===== Data shown =====

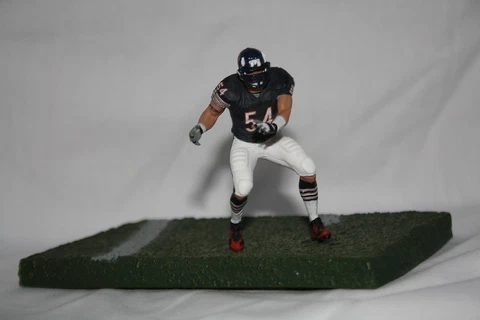 Brian Urlacher Mini McFarlane 3"  Figure & Base 2002 Chicago Bears Cover
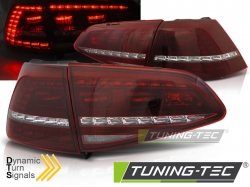 Tuning-Tec zadní čirá světla Red LED Seq R Look - Volkswagen Golf 7 (13 - 17)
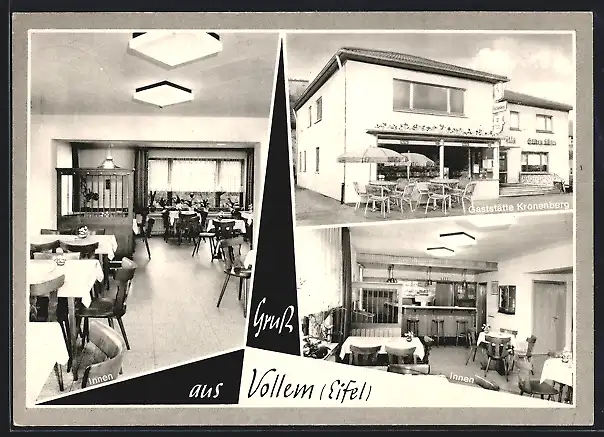 AK Vollem / Eifel, Gasthof und Pension Michael Kronenberg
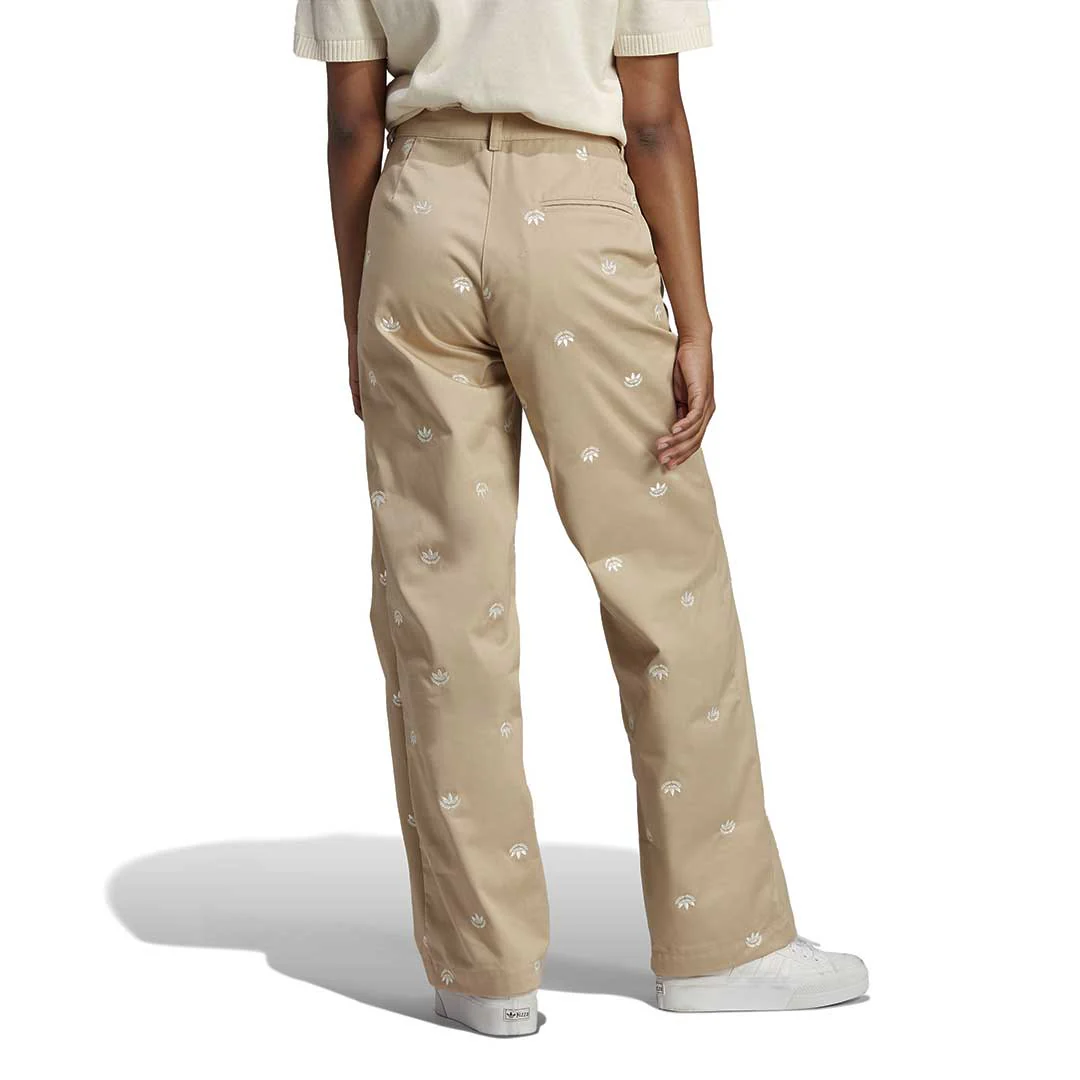 adidas - Women's Allover Mini Crest Chino Pants (II5638) - Image 3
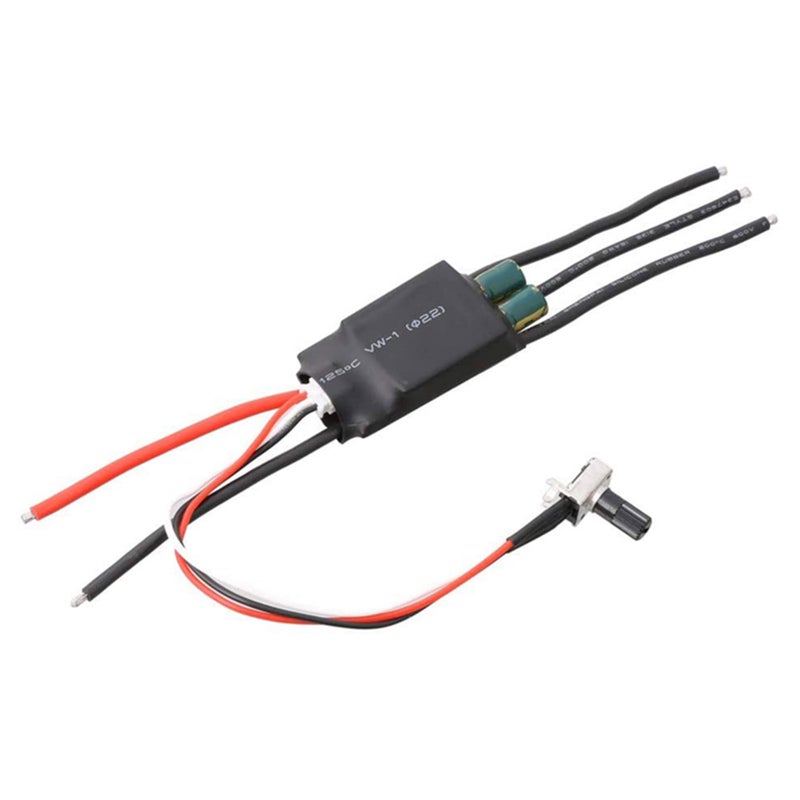 DC 7-24V 200W BLDC 3 Phase Brushless ESC Motor Driver Hallless DC Motor Drive Board Speed Controller Regulator with Potentiometer - Image 1
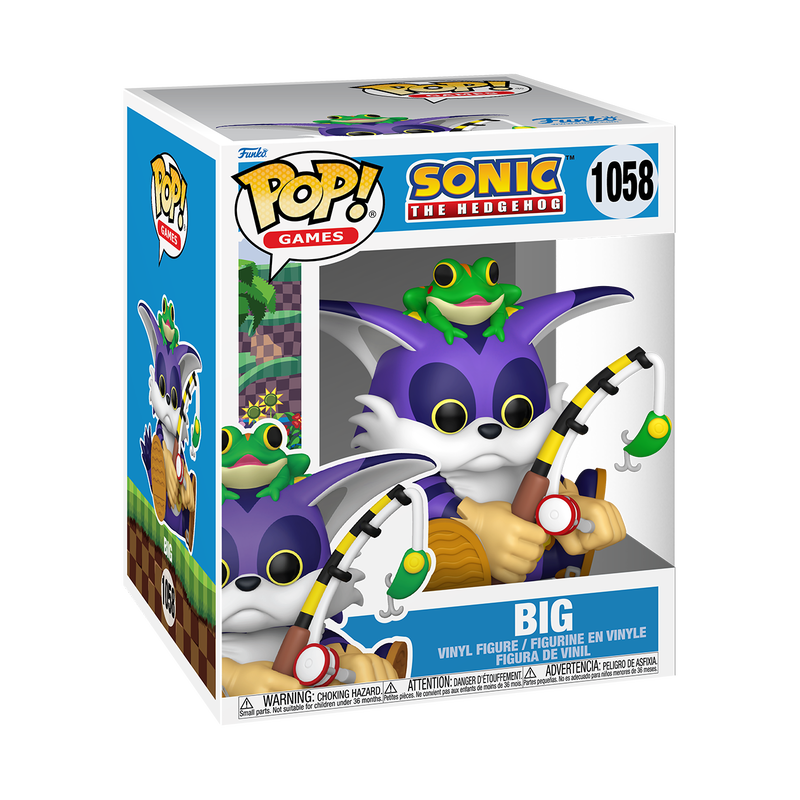 Funko Pop! Sonic the Hedgehog - Big Super 6-Inch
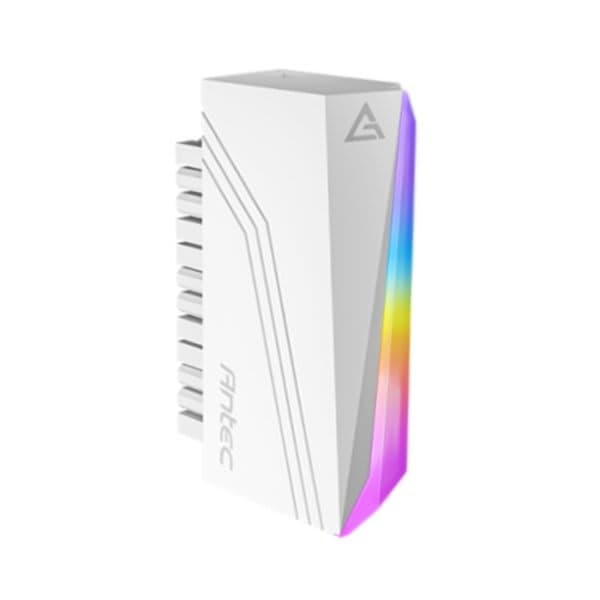 Кабель 90 מעלות ל24-פין ARGB White Adapter °Antec 24-pin 90 — Миниатюра 4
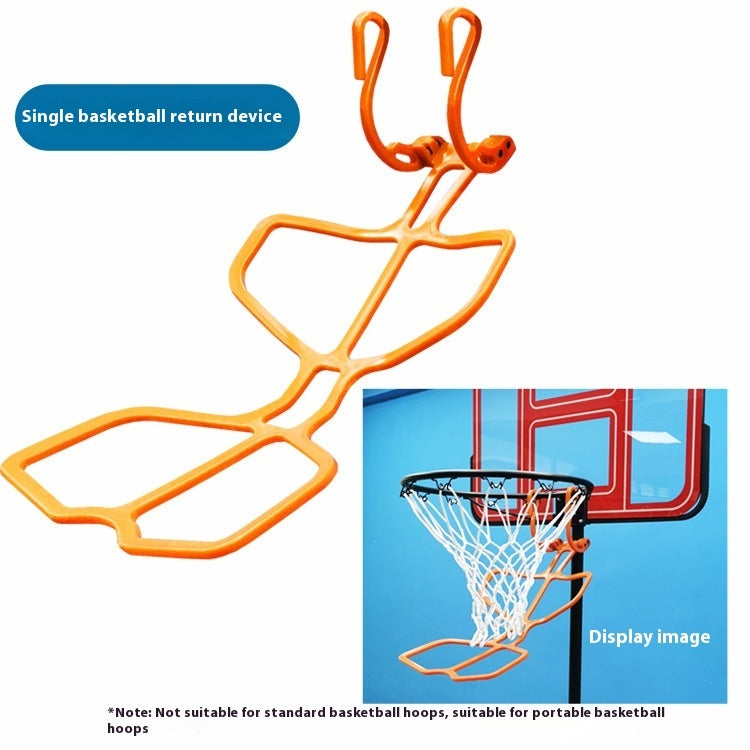 Outdoor Basketball Hoop with Ball Return Training Aid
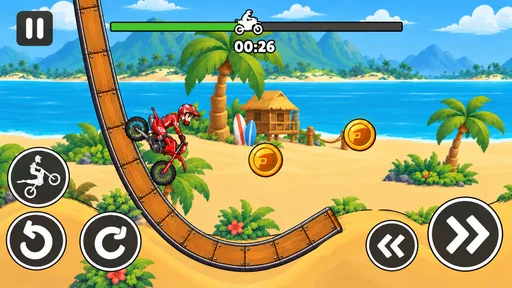 Hill Climb Bike Stunts 2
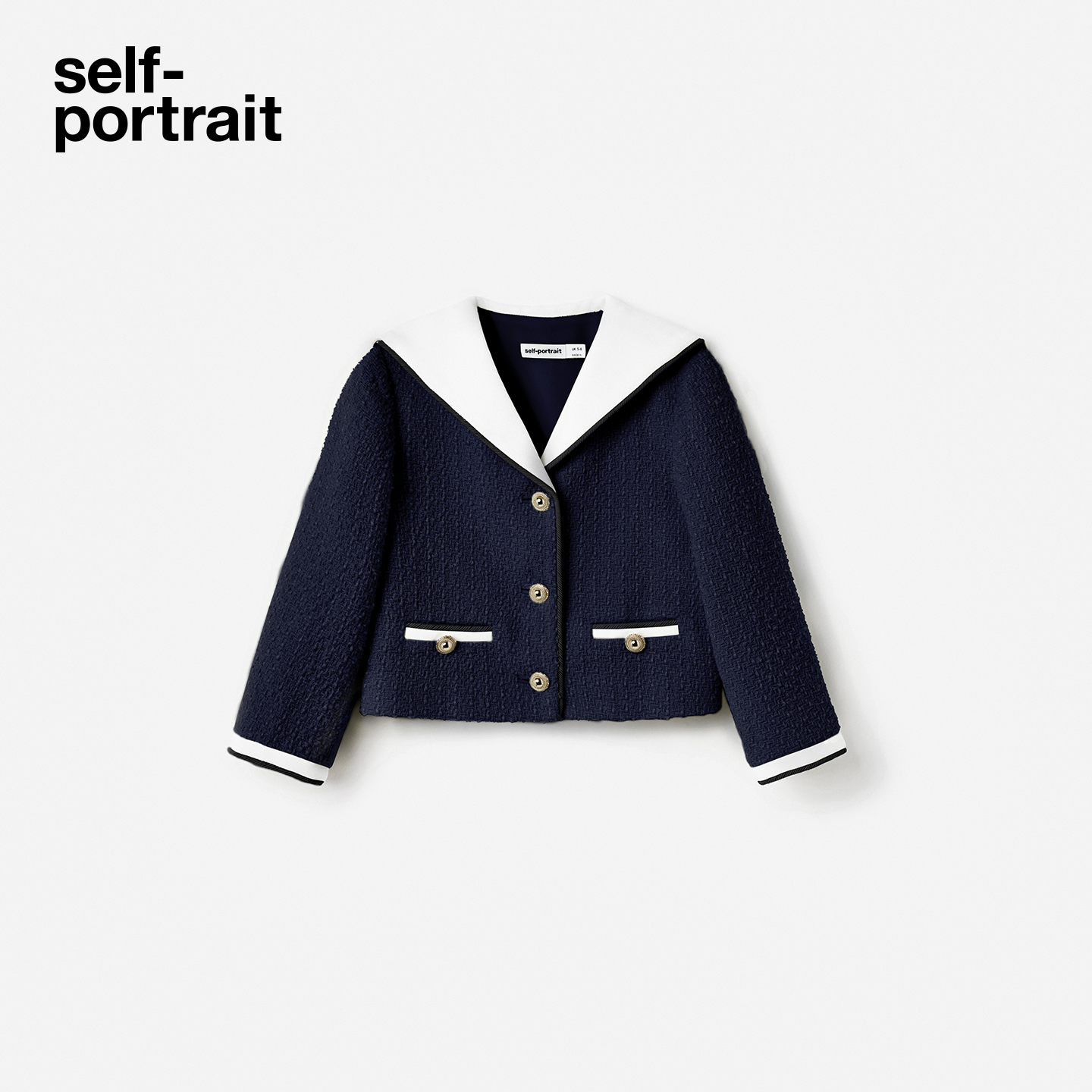 self-portrait粗花呢外套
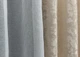 Комплект штор VR-Textil Лен Мрамор 150х270 2шт и Тюль 400х270 1713ш-1276т Айвори с белым 71-010/3 - изображение 6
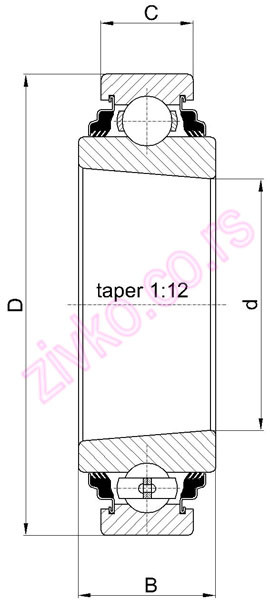 Technische Zeichnung UKS 208 1F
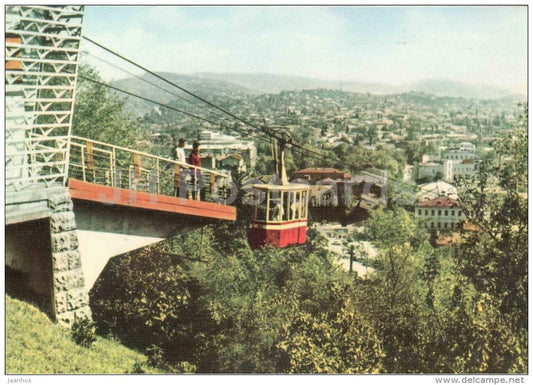 A view of Kutaisi from the ropeway station - 1972 - Georgia USSR - unused - JH Postcards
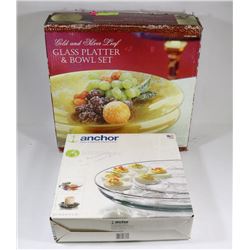 DEVILED EGG TRAY AND FRUIT BOWL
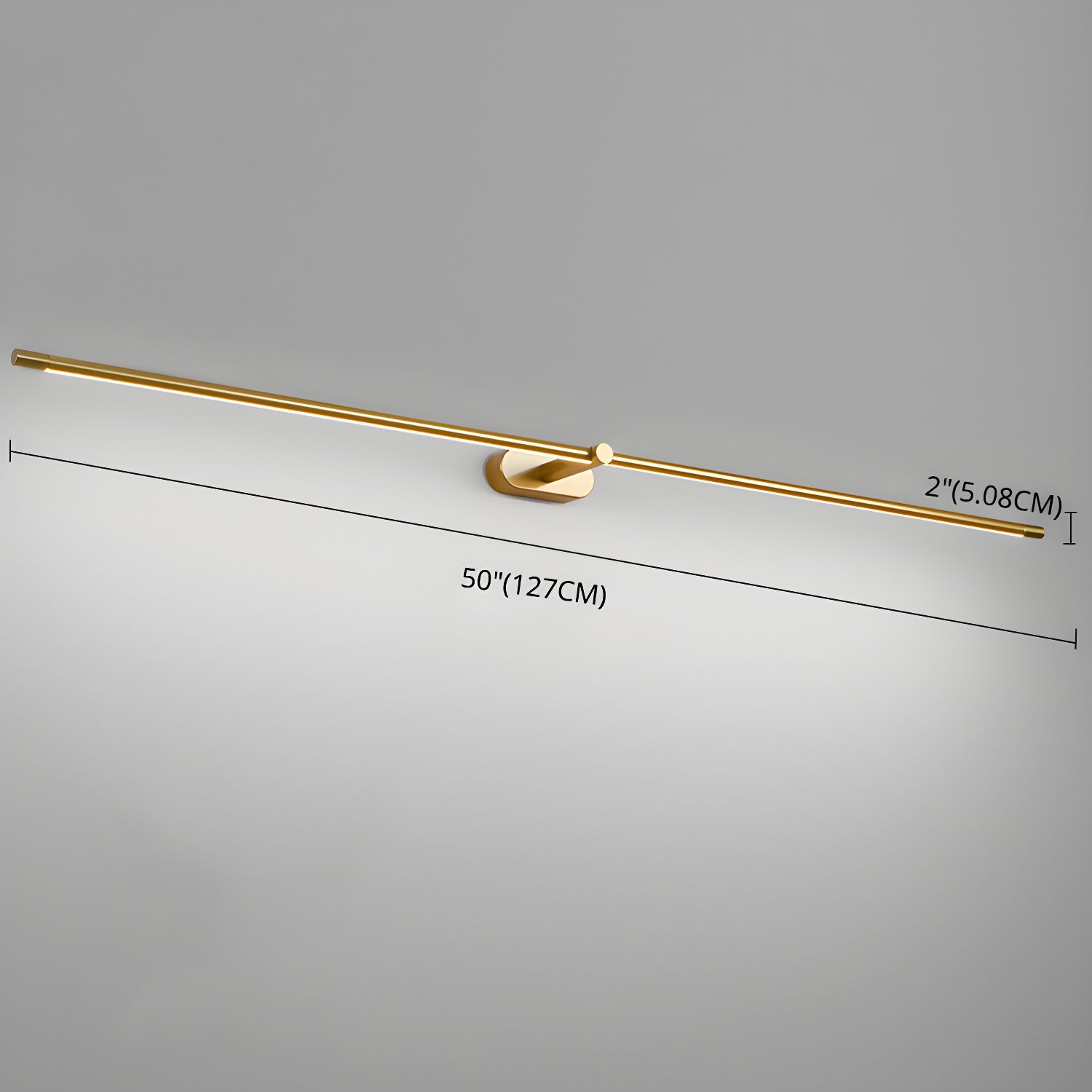 Linear Wall Sconce for Bedroom & Bathroom Vanity – Minimalist LED Wall Light, Modern Dimmable Hallway & Living Room Vanity Sconce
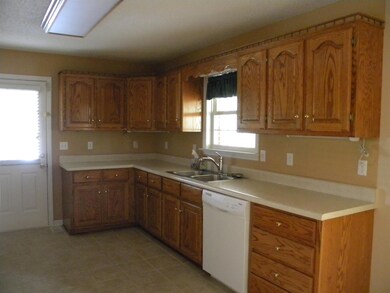 Lots of room family time in kitchen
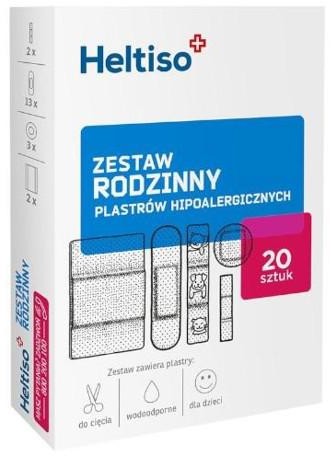 Paso TRADING Heltiso Plastry hipoalergiczne zestaw rodzinny, 20 sztuk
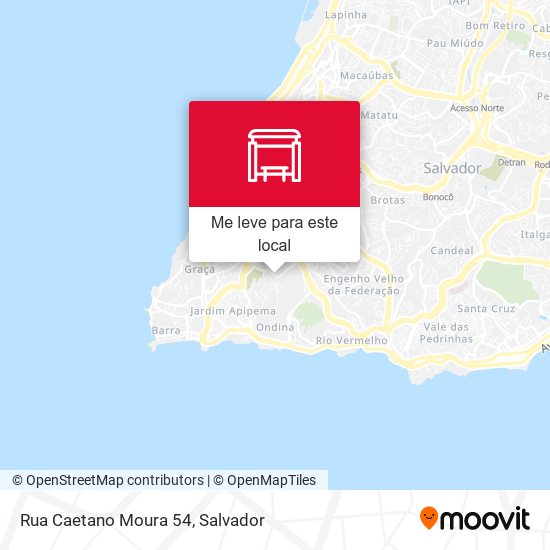 Rua Caetano Moura 54 mapa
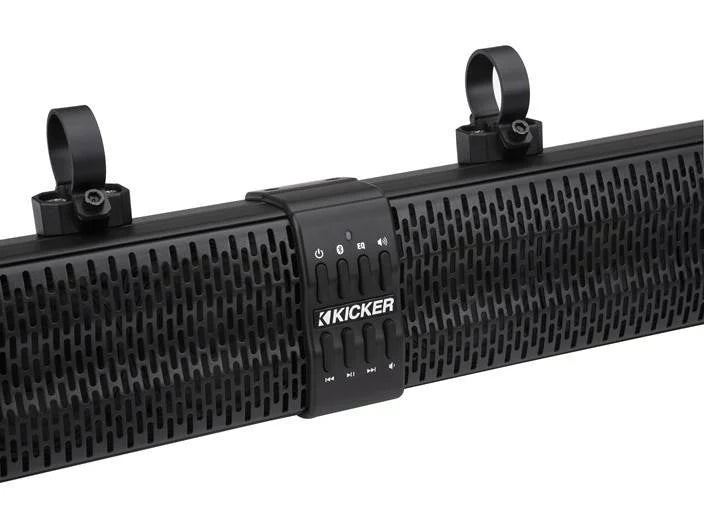 Kicker KPB1, 20" Bluetooth Powered Weatherproof Powerbar Soundbar (Black) (47KPB1)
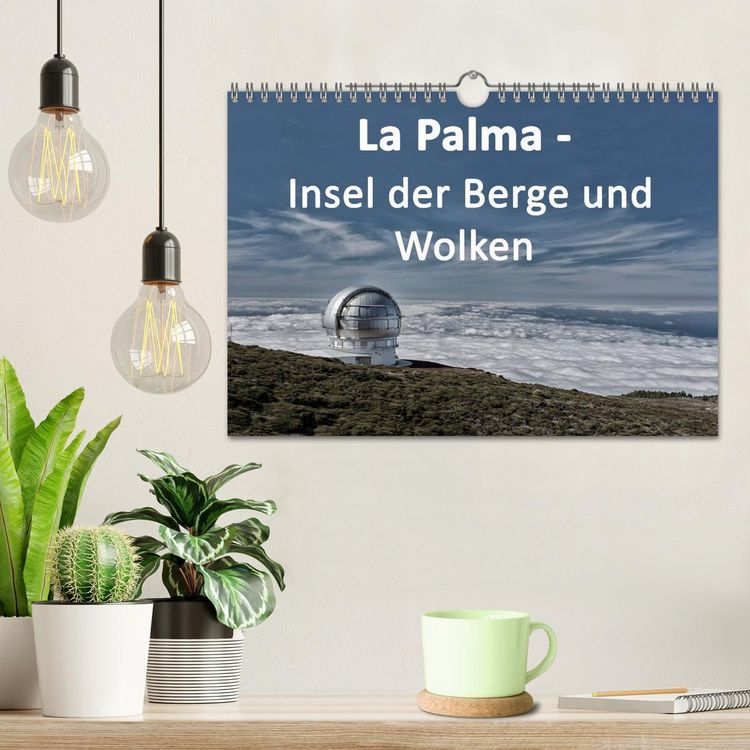 Produktbild: La Palma - Insel der Berge und Wolken (Wandkalender 2026 DIN A4 quer), CALVENDO Monatskalender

=====

What you should return is the exact text of every line from the top of the entries through the line with "DC 7-24V 200W", pictures removed.

* **Your solution**
 Brian Urlacher Mini McFarlane 3"  Figure & Base 2002 Chicago Bears Cover
 Tuning-Tec zadní čirá světla Red LED Seq R Look - Volkswagen Golf 7 (13 - 17)
 AK Vollem / Eifel, Gasthof und Pension Michael Kronenberg
 adidas - Women's Allover Mini Crest Chino Pants (II5638) - Image 3
 DC 7-24V 200W BLDC 3 Phase Brushless ESC Motor Driver Hallless DC Motor Drive Board Speed Controller Regulator with Potentiometer - Image 1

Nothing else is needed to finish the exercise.